NASA's plans to return astronauts to the Moon are well on their way — but the cost of the endeavor is soaring.
The agency's development of its Space Launch System (SLS) has been mired in budget overruns and many years of delays, costing tens of billions of dollars over the last eleven years.
In the face of all that, NASA has yet to launch the SLS, or even successfully complete a full gamut of tests. During wet dress rehearsals in April, the agency's Artemis I rocket, meant to launch the first uncrewed mission around the Moon later this year, encountered valve issues so serious that they forced NASA to push the tests back to this month.
Meanwhile, the bills are continuing to stack up. NASA constructed a massive mobile launch tower meant to facilitate the launch of the SLS rocket and its Orion spacecraft, for instance, which cost a pretty penny.
And now, observers are starting to warn that an oversight report could deal a searing rebuke to the space agency's costly efforts.
"NASA expects the Inspector General's report on spiraling costs for its second mobile launch tower (for the SLS rocket) to come out this week," Ars Technica's Eric Berger tweeted. "It's a doozy."
The 380-foot tower acts as a tether, allowing ground crews to fuel and communicate with the rocket. Shortly before launch, the tower is designed to releases each of its "umbilicals" and allow the rocket to launch safely from the pad at Kennedy's Space Center.
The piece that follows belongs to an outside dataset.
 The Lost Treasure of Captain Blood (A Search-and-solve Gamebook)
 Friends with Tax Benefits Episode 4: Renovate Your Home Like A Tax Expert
But the impending sticker shock this week may throw a wet blanket over the agency's plans. The SLS project has already become immensely unpopular among some lawmakers.
"This is utterly indefensible and is totally on NASA regardless of how contractors screwed up," the blog NASA Watch piled on.
NASA Inspector General Paul Martin revealed in March that each SLS launch could cost as much as $4.1 billion, more than twice the already-ludicrous $2 billion target, which he said at the time was "a price tag that strikes us as unsustainable."
The issue of rising costs might not be entirely on NASA's shoulders. Martin also argued at the time that the agency's hands were tied, forced to pay extra compensation to its contractors on top of covering their costs, known as "cost-plus" rules set out by Congress to incentivize contractors.
Also looming large as an existential threat to NASA's SLS program is SpaceX's Starship, a massive heavy-launch vehicle the agency itself contracted to deliver astronauts to the surface of the Moon.
The Elon Musk-led company has made great strides in constructing its own launch tower, setting the stage for the long-awaited maiden voyage of its Starship spacecraft into orbit later this summer — and at least partially on NASA's dime.
If it succeeds on a reasonable schedule — a major "if," especially in the world of Musk's chronically overoptimistic timelines — Starship could make SLS obsolete soon after its debut.
But all that's in the future. In less than two weeks time, NASA will take another crack at rolling out its massive SLS rocket to the launch pad at Launch Complex 39B, the fourth attempt at a wet dress rehearsal.
Whether the tests will be enough of a success to distract from the astronomical costs involved, though, remains to be seen.